[Records contained in a dataset]
BEGIN

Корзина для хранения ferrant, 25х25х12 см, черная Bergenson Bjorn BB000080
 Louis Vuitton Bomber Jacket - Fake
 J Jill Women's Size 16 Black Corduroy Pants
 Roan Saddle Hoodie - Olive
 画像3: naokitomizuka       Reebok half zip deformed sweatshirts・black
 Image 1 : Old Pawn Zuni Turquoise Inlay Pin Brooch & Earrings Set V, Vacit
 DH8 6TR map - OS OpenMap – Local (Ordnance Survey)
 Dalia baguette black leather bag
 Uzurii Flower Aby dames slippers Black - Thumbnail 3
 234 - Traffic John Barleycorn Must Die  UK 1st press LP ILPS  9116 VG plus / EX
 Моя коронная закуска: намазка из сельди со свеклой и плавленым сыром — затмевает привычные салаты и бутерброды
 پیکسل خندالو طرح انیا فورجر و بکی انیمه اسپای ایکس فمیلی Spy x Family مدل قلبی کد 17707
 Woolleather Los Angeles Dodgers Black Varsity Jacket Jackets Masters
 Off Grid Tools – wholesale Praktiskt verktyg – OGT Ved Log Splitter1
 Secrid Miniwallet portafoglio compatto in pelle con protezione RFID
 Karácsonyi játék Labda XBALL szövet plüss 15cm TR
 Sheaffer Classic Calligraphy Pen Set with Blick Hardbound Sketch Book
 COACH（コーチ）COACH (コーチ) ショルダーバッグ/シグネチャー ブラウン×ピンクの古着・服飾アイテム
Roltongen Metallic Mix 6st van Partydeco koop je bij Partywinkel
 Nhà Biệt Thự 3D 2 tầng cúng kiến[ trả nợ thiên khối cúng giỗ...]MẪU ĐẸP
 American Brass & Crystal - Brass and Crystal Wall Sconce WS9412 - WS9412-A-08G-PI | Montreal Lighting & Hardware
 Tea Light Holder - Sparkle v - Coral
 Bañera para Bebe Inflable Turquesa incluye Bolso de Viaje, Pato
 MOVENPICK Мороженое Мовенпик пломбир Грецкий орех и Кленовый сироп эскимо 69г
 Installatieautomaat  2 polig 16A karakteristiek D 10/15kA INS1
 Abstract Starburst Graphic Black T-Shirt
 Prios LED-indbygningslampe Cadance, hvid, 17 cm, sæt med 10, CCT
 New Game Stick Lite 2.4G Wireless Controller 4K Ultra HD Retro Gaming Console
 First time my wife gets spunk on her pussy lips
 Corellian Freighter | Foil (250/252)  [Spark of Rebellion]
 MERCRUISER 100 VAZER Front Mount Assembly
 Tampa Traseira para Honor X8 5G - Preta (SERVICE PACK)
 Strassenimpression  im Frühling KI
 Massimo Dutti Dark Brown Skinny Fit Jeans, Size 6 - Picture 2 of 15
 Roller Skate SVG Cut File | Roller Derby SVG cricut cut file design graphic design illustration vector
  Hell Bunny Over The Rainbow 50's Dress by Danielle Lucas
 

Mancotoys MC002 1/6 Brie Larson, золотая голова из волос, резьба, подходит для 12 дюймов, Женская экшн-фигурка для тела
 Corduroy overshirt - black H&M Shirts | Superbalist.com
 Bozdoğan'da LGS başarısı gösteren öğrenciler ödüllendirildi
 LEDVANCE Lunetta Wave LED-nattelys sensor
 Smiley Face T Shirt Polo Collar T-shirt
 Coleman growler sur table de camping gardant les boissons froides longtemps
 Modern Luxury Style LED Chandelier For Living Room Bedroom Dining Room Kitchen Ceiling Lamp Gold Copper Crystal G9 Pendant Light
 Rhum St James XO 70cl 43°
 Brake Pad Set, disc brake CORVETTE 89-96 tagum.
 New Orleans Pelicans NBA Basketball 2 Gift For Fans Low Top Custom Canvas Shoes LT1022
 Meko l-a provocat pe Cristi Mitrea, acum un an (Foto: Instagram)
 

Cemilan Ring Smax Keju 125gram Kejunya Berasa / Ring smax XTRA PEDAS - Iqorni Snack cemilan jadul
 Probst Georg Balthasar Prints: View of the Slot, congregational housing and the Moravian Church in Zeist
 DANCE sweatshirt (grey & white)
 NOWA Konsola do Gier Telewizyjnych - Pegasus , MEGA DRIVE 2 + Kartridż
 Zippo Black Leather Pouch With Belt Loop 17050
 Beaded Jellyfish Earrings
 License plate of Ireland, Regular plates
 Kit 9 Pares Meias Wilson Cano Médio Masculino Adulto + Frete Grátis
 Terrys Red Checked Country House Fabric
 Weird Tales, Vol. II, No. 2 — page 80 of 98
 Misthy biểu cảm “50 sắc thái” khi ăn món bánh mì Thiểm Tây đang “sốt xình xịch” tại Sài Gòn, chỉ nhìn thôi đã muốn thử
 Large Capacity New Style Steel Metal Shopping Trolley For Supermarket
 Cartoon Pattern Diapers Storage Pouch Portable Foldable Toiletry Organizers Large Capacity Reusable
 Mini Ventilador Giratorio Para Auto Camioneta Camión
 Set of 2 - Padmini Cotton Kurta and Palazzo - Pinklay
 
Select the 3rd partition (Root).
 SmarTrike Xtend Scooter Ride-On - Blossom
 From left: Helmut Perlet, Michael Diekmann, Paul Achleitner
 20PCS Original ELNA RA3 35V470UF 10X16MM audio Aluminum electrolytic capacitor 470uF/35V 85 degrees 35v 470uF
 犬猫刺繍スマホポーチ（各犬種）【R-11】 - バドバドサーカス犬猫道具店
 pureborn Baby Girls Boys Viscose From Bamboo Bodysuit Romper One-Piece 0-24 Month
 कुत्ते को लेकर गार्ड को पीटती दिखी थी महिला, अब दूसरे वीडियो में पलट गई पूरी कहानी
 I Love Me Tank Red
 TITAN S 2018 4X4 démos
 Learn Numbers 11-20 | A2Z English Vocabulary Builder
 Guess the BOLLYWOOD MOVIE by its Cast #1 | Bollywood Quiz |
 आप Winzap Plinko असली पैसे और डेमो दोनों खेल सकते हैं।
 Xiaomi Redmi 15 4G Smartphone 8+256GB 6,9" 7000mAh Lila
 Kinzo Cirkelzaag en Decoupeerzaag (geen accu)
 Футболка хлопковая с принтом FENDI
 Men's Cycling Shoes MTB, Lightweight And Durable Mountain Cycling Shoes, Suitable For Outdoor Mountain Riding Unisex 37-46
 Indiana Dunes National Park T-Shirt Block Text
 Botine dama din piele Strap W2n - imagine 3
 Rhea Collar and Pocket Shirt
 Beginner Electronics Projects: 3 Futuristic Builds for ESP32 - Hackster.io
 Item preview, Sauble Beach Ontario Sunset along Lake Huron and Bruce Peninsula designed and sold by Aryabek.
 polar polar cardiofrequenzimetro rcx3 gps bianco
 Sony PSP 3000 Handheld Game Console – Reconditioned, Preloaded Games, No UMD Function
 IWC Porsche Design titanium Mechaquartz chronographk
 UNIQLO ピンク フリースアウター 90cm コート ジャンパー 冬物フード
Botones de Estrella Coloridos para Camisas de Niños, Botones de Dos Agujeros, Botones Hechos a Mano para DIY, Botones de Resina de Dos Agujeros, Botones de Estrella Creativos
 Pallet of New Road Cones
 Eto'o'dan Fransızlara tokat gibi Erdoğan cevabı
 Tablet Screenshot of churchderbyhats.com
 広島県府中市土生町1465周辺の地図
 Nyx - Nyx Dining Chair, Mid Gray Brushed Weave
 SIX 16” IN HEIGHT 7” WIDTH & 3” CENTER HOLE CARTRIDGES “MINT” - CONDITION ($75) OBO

END

### [TO DO]
Report how many lines in the data include the string "Pouch", giving nothing but that number.

### [RESPONSE AREA]
2